Written by Nathan Moore, filed under New Music and tagged , . Bookmark the permalink.

New Music
Monday
January 4th
11:00 am

LoSS.web

Another year, another Christmas, another shitty gift from your uncle (who knew strip clubs sold gift certificates?).  Time to upgrade and get something nice for yourself to keep your mind off the cold weather outside.  My suggestion – take a trip to the South Side of Chicago circa 1976 with Light: On the South Side, the new photography book and music compilation of the from the collectors at the Numero Group label.  The slick 132-page hard cover book features the beautiful black and white photos by Michael Abramson, who worked the black Chicago music clubs like Pepper’s Lounge and Perv’s House from 1975-1977, along with an essay from Nick Hornsby (High Fidelity).  Light also features Pepper’s Jukebox, an 18-track CD that recreates an hour’s worth of tunes from the club.
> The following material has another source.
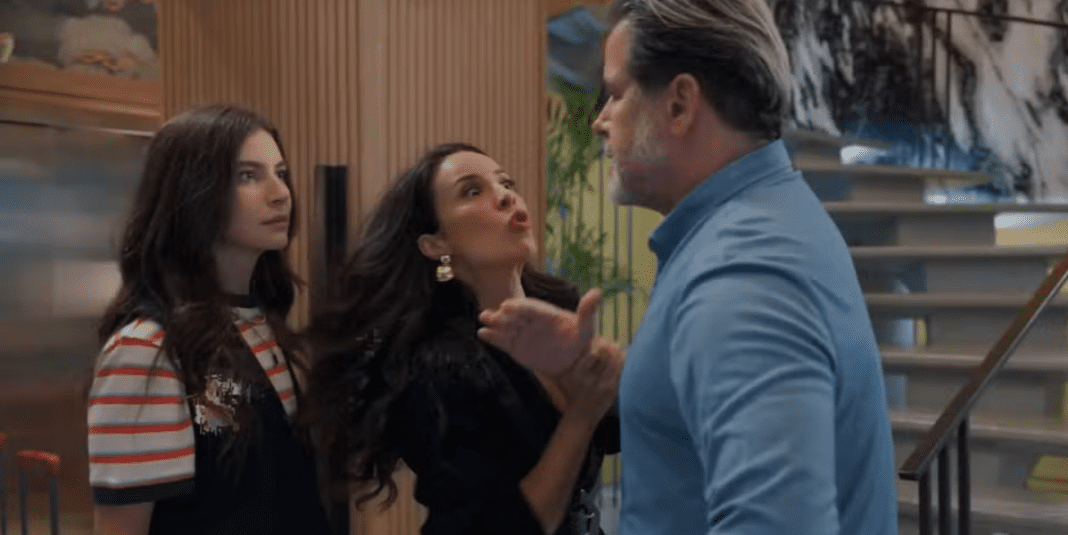 Resumo da novela Três Graças de hoje (0904) – Ferette humilha Lorena e Gerluce impõe condição para aceitar casamento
The music is outrageously good – Hornsby writes it exhibits “not only the past, but also the present and the future of American black music culture, all mixed together” – and Pepper’s showcases blues, funk and soul, often all in the same song.  Some highlights – “It’s a Dream” by Little Ed somehow perfectly captures the feeling you get after getting really high on really bad weed; the grooving, hypnotic “California Lady” from James Kind gets in your head and doesn’t leave; Arelean Brown flaunts her body with the should-be-classic line “I’m built like an outhouse / with not a brick out of place” on “I’m a Streaker;” and Hugh Hawkins’s “Bring It Down Front” is a shit-hot funky number that might kill someone with heart problems.  Get some unfiltered menthol cigarettes, cheap bourbon, Original Pimp Oil and Light: On the South Side, and start the decade off right.